Task:
Copy the lines below, please, starting with the one that contains "Used 2024 GMC" and ending with the last. Pictures stay out.

Provided material:
───
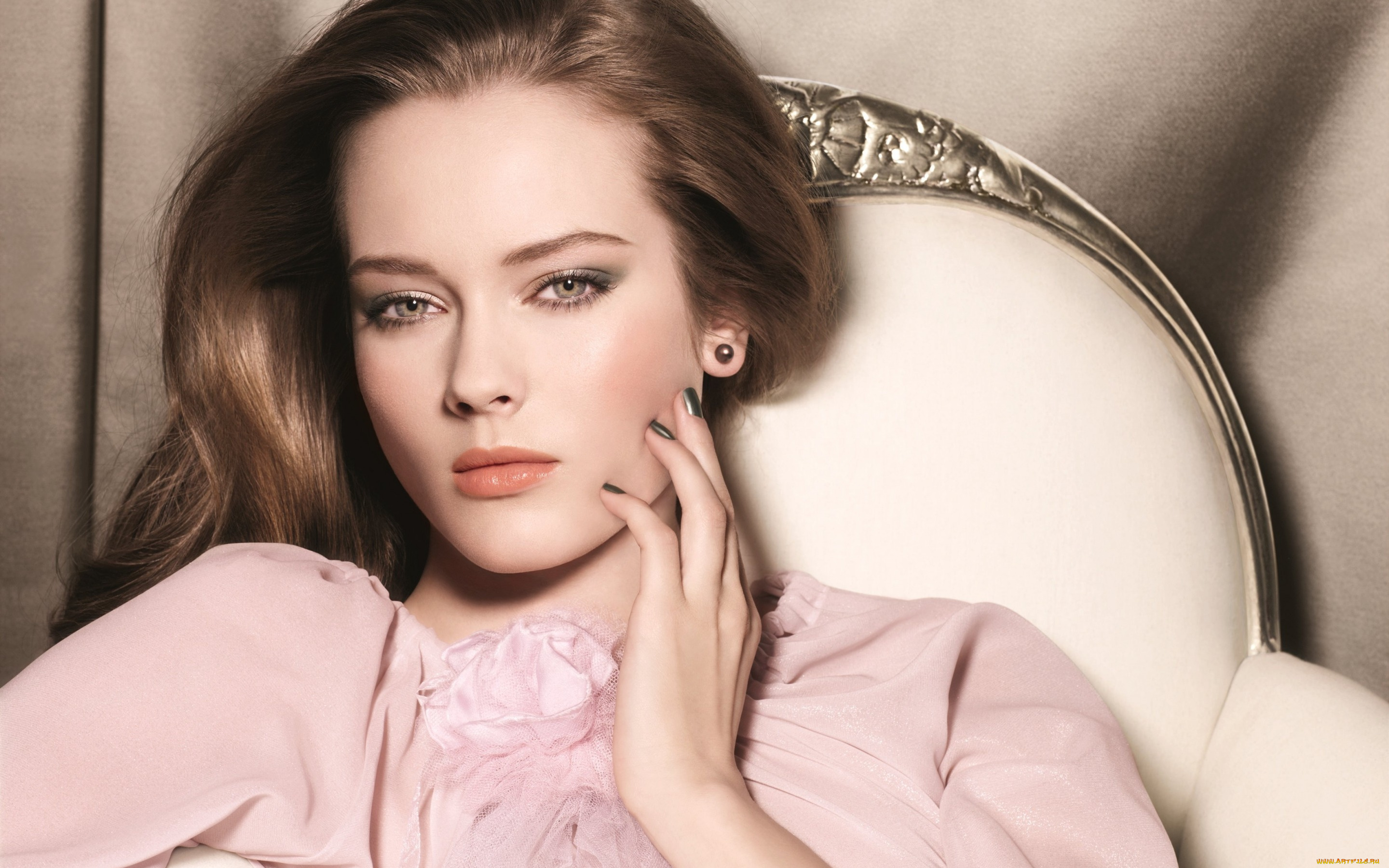 девушки, monika, jac, jagaciak, monika, jac, jagaciak, моника, Як, Ягачак, девушка, модель, шатенка, взгляд, лицо, рука, кресло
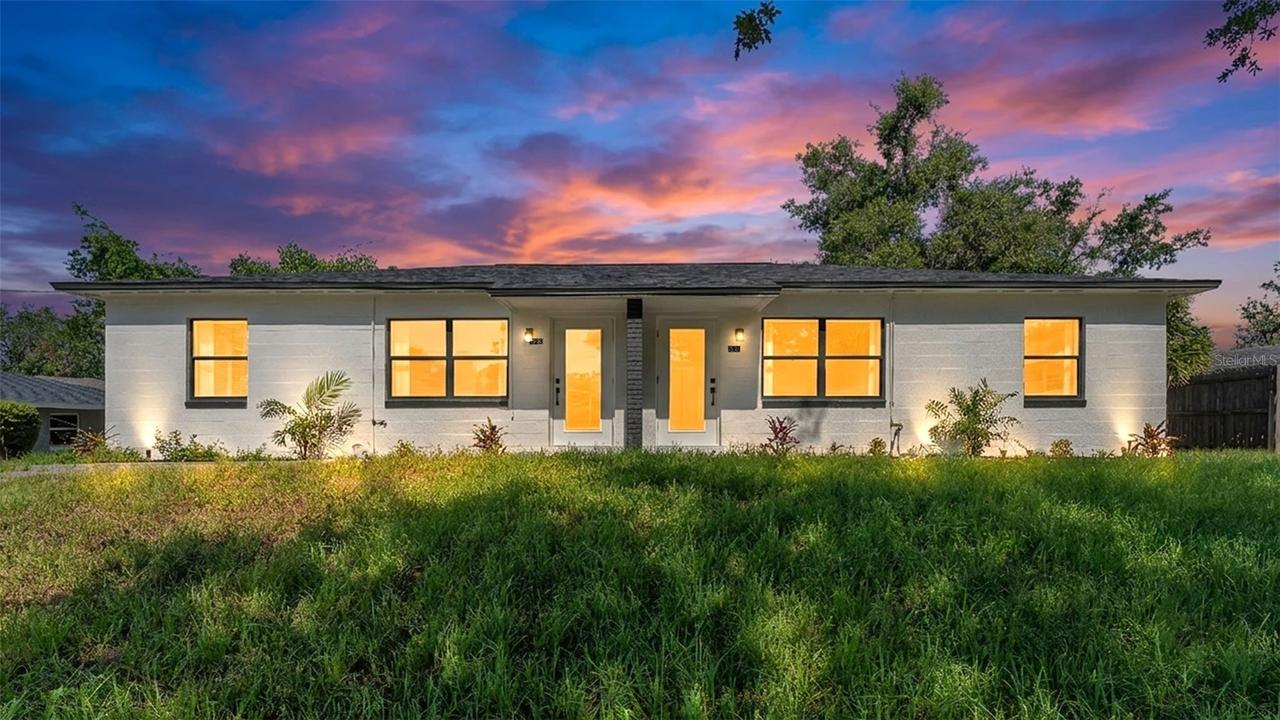 621 Hollingsworth Rd., Lakeland, FL 33801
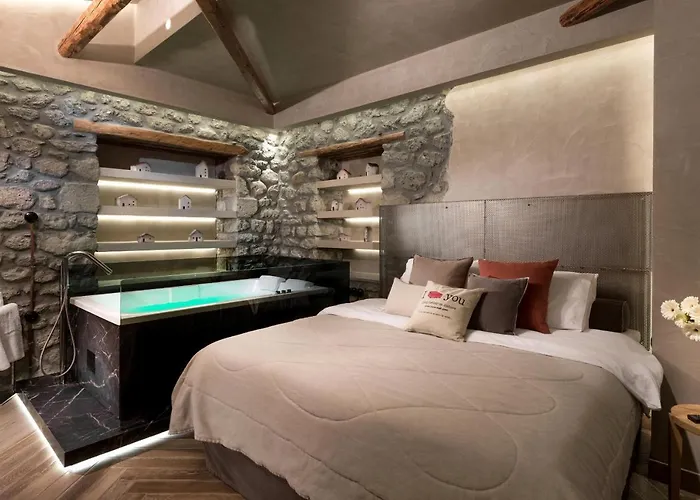 Tsikeli Boutique Meteora - Adults Friendly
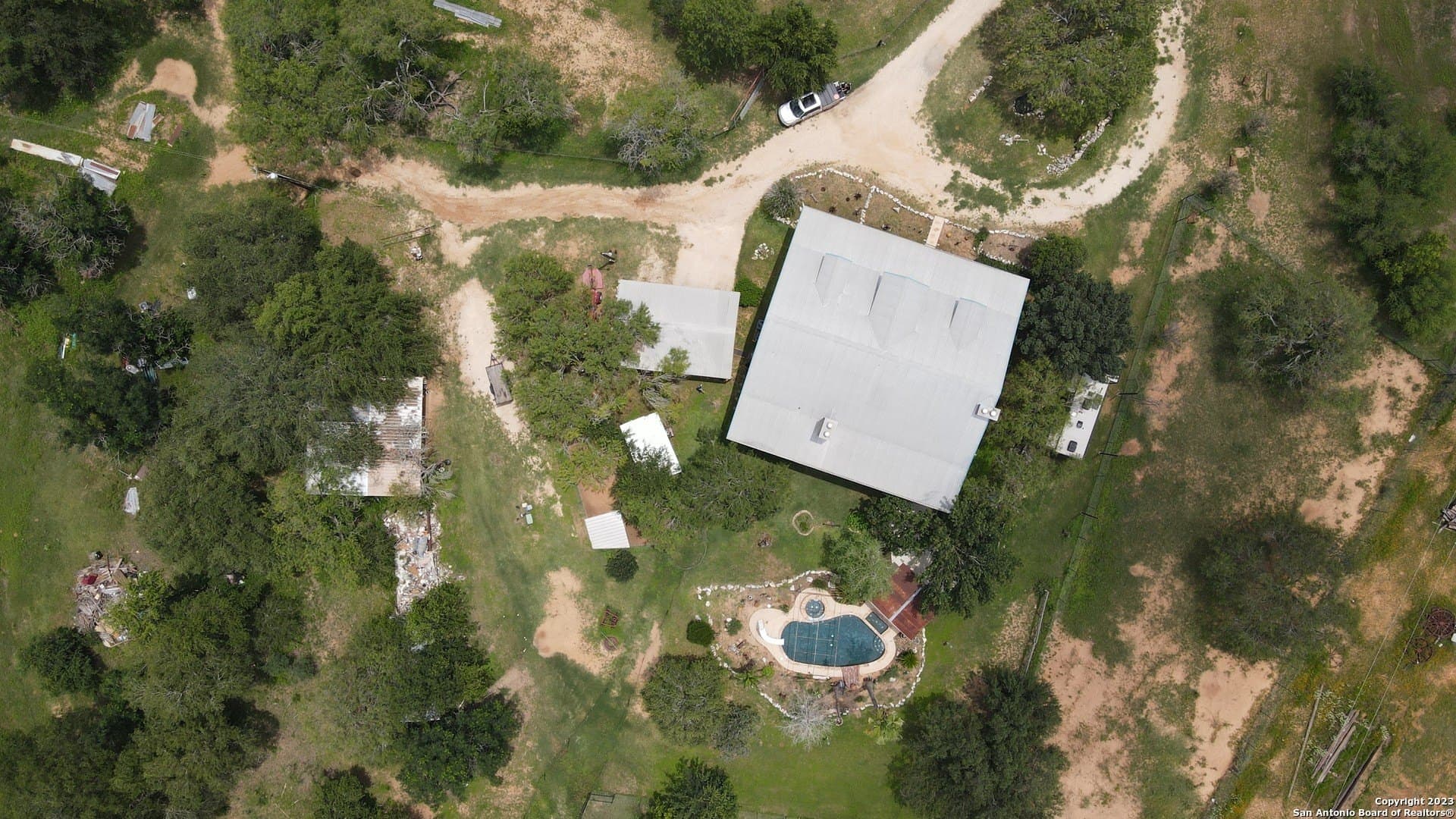 15 acres in Bexar County - photo 4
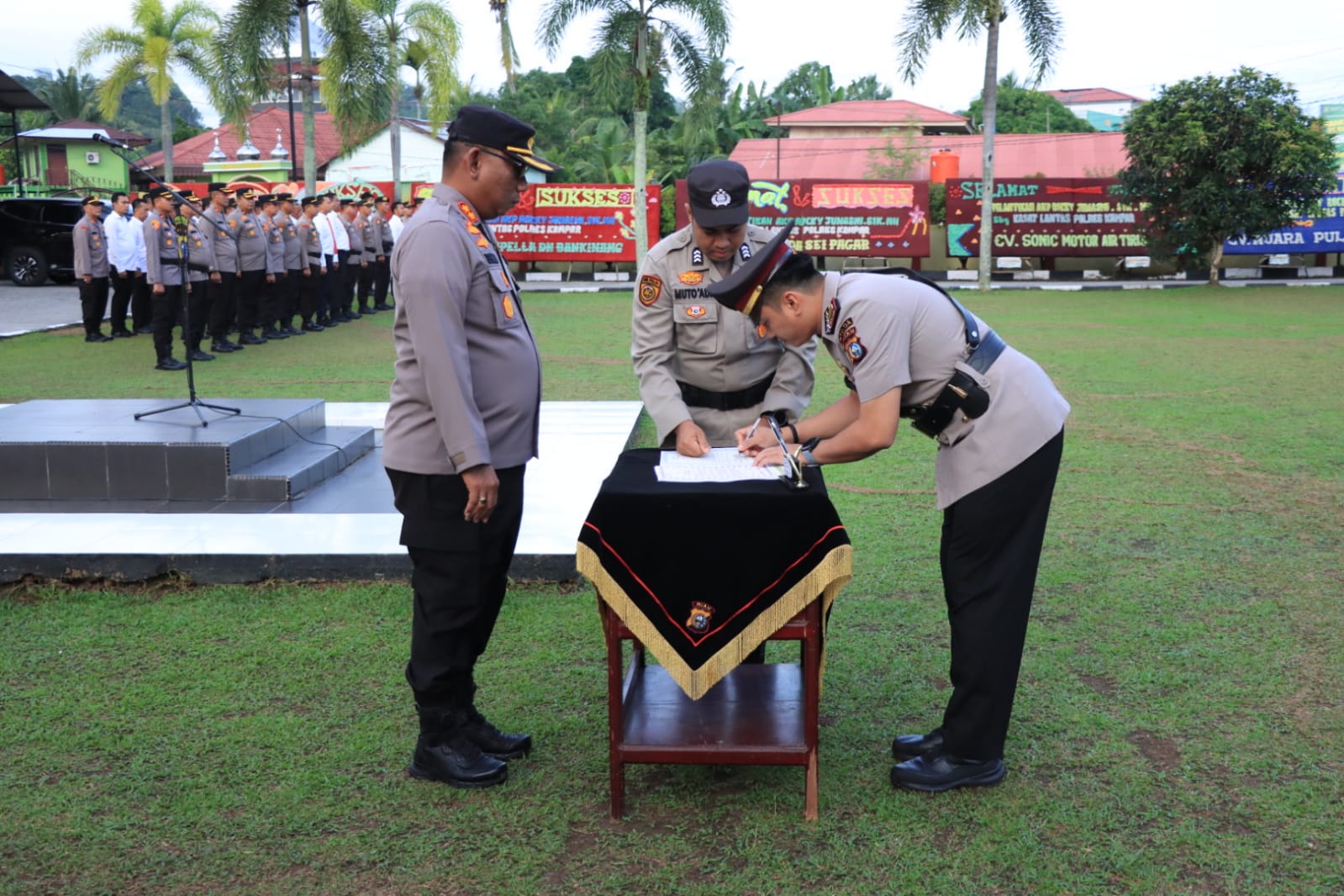 Kasat Lantas Polres Kampar Hari ini Melaksanakan Sertijab Dipimpin Langsung Kapolres Kampar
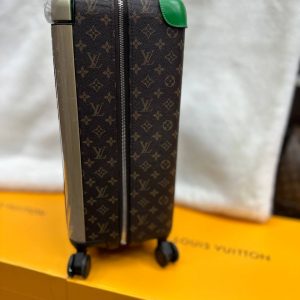 Чемодан Louis Vuitton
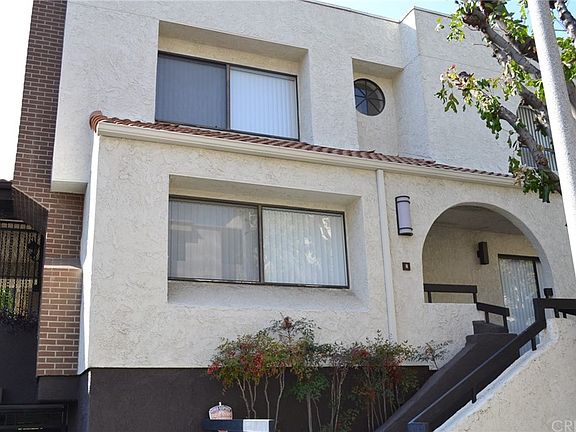 2nd image of 21620 Burbank Blvd Unit 8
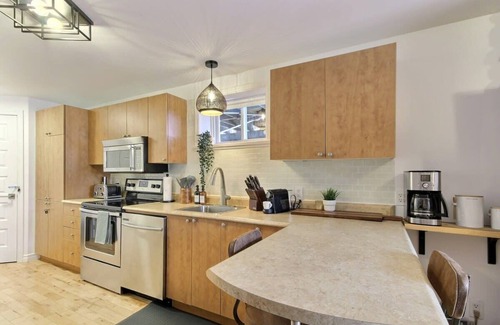 Saint-Sauveur Apartment | Enchanting Loft - Fireplace AC Quebec Downtown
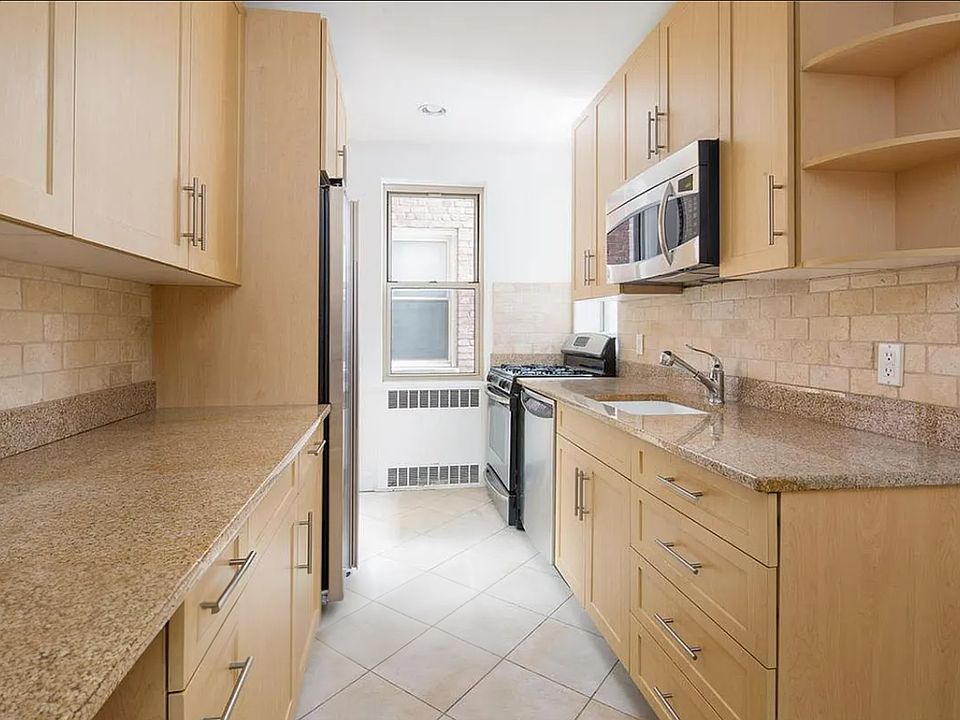 2nd image of 330 E 63rd St APT 7G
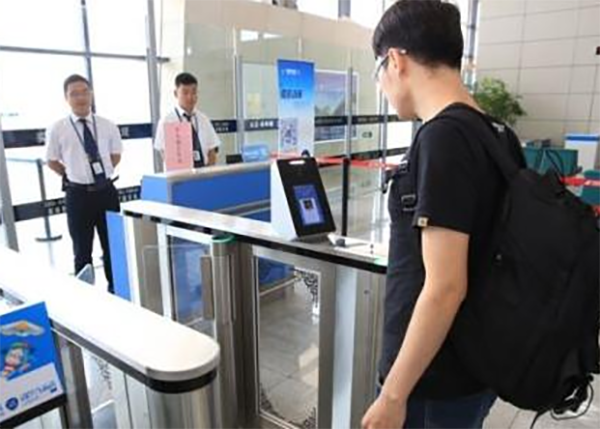 真地智能门禁为社区安全添一双眼睛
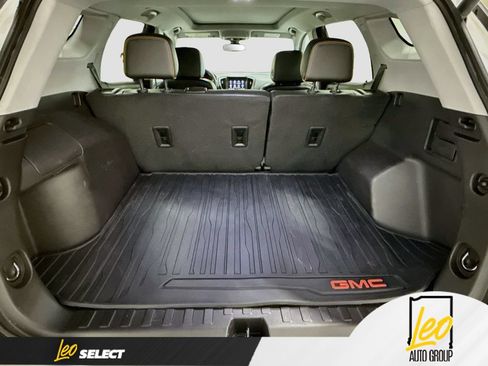 Used 2024 GMC Terrain AT4 w/ Tech Package AWD/4WD image 29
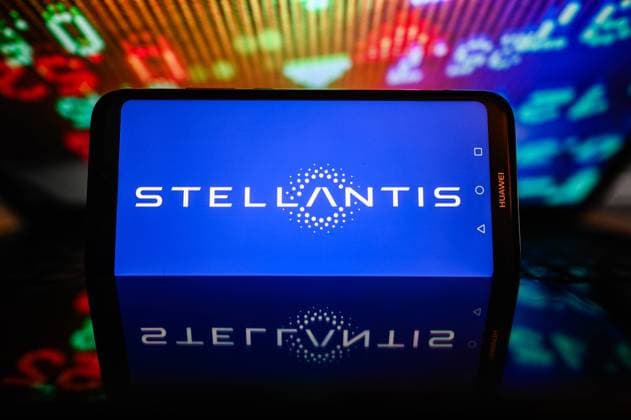 Photo illustration in Poland. In this photo illustration, a Stellantis logo is displayed on a smartphone with stock market percentages in the background. Poland Copyright: xOmarxMarquesx xSOPAxImagesx omarques_23112023_phone_tech-7
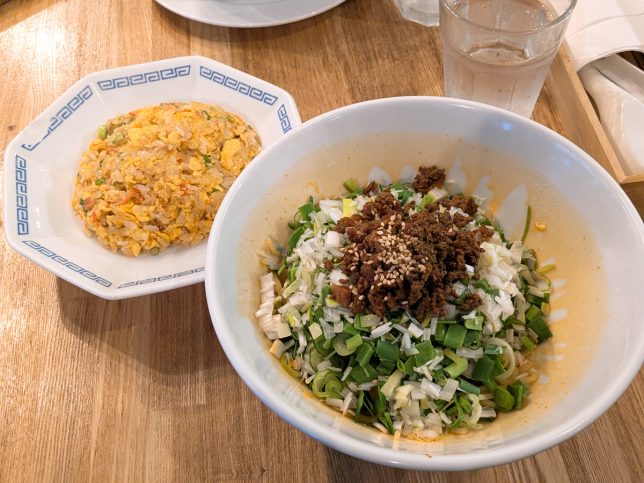 好々爺の汁なし担々麺　￥900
───
Output of the exercise:
 Used 2024 GMC Terrain AT4 w/ Tech Package AWD/4WD image 29
 Photo illustration in Poland. In this photo illustration, a Stellantis logo is displayed on a smartphone with stock market percentages in the background. Poland Copyright: xOmarxMarquesx xSOPAxImagesx omarques_23112023_phone_tech-7
 好々爺の汁なし担々麺　￥900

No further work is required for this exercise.